Resolve sign ambiguity in SVD and Eigendecomposition

mleprovost · May 19, 2021, 11:55pm

Hello,

Given a matrix A \in \mathbb{R}^{m\times n}, my goal is to recover the SVD decomposition of A from the eigendecomposition of A^\top A and A^\top A.

A compact SVD decomposition of matrix A \in \mathbb{R}^{m\times n} gives:
A = U_{svd}\Sigma V_{svd}^\top, in which \Sigma is a r \times r diagonal matrix where r = min\{m, n\}. U_{svd} \in \mathbb{R}^{m \times r} and V_{svd} \in \mathbb{R}^{n \times r} verify U_{svd} U_{svd}^\top = V_{svd} V_{svd}^\top = I_r.

A is not directly accessible, I only know C_x = A^\top A \in \mathbb{R}^{m \times m} and
C_y = AA^\top \in \mathbb{R}^{n \times n}.

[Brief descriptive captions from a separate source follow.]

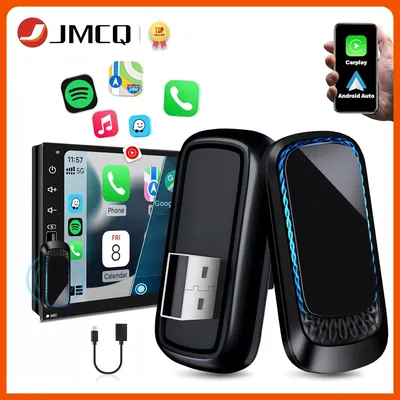 2-in-1 Mini Carplay Wireless Adapter Plug & Play Carplay Wireless und Android Auto Car AI Box für OEM Wired CarPlay Cars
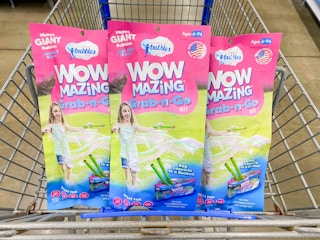 three wowmazing giant bubble kits in walmart cart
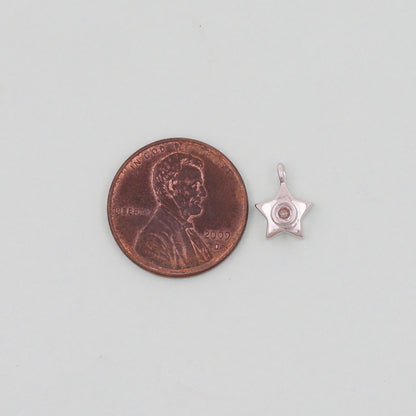 Gold Star Charms,18K Gold Filled CZ Micro Pave Star Pendant,Star Charm Bracelet Necklace for DIY Jewelry Making Supply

From the spectral theorem, we know that:
C_x = V \Lambda_x V^\top, C_y = U \Lambda_y U^\top.

If we assume that m \leq n, the eigenvalues \Lambda_x equate the first r values of \Lambda_y, which are the square of the singular values \Sigma.

However, we have a sign ambiguity in the columns of the different eigenvectors of C_x and C_y.

Therefore, U\sqrt{\Lambda_y}V[:,1:r]^\top does not give the SVD decomposition of A! The sign of the columns of U are V are not chosen such that AV = U and A^\top U = V, as in the SVD decomposition (Singular value decomposition - Wikipedia).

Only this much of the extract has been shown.